How to monitor a CSV file for changes?


I'm trying to monitor a CSV file that is being written to by a separate program. Around every 10 seconds, the CSV file is updated with a couple more lines. Each time the file is updated, I want to be able to detect the file has been changed (will always be the same file), take the new lines, and write them to console (just for a test).

I have looked around the website, and have found numerous ways of watching a file to see if its updated (like so http://thepythoncorner.com/dev/how-to-create-a-watchdog-in-python-to-look-for-filesystem-changes/), but I can't seem to find anything that will allow me to get to the changes made in the file to print out to console.

Current code:

import time
from watchdog.observers import Observer
from watchdog.events import PatternMatchingEventHandler

def on_created(event):
    print(f"hey, {event.src_path} has been created!")

def on_deleted(event):
    print(f"Someone deleted {event.src_path}!")

def on_modified(event):
    print(f"{event.src_path} has been modified")

def on_moved(event):
    print(f"ok ok ok, someone moved {event.src_path} to {event.dest_path}")

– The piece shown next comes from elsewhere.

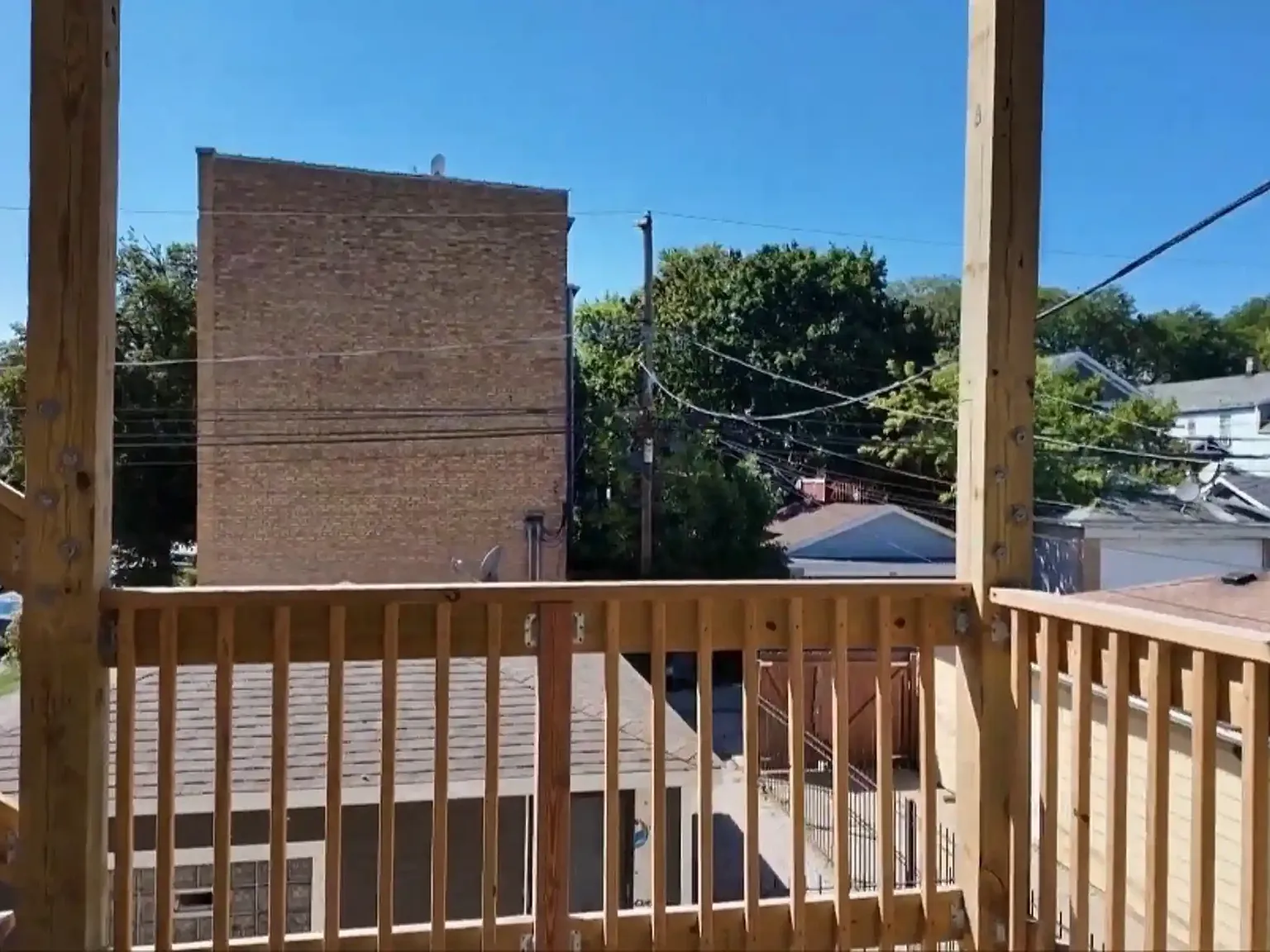 2 bed, 1100 sqft, $2,600 — Photo 3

if __name__ == "__main__":
    patterns = "*"
    ignore_patterns = ""
    ignore_directories = False
    case_sensitive = True
    my_event_handler = PatternMatchingEventHandler(patterns, ignore_patterns, ignore_directories, case_sensitive)
    my_event_handler.on_created = on_created
    my_event_handler.on_deleted = on_deleted
    my_event_handler.on_modified = on_modified
    my_event_handler.on_moved = on_moved
    path = "."
    go_recursively = True
    my_observer = Observer()
    my_observer.schedule(my_event_handler, path, recursive=go_recursively)
    my_observer.start()
    try:
        while True:
            time.sleep(1)
    except KeyboardInterrupt:
        my_observer.stop()
        my_observer.join()

This runs, but looks for changes in files all over the place. How do I make it listen for changes from one single file?


Solution

  • If you're more or less happy with the script other than it tracking a bunch of files then you could change the patterns = "*" part which is a wildcard matching string which tells the PatternMatchingEventHandler to look for any file. You could change that to paterns = 'my_file.csv' and also change the path variable to the directory that the file is in to save some time recursively scanning all the directories in '.'. Then you don't need recursive set to True for a single file either.

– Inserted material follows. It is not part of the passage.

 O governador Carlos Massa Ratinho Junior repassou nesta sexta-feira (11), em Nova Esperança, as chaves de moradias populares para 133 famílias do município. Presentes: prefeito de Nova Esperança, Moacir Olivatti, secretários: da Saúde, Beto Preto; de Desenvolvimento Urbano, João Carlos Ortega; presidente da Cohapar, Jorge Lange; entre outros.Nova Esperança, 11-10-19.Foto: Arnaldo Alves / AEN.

    Print new lines to console part (one option):

    import pandas as pd
    
    ...
    
    def on_modified(event):
        print(f"{event.src_path} has been modified")
        # You said "a couple more lines" I'm going to take that
        # as two:
        df = pd.read_csv(event.src_path)
        print("Newest 2 lines:")
        print(df[-2:])
    

    If it's not two lines you'll want to track the length of the file and pass that to the function which opens the CSV so it knows how many lines are new.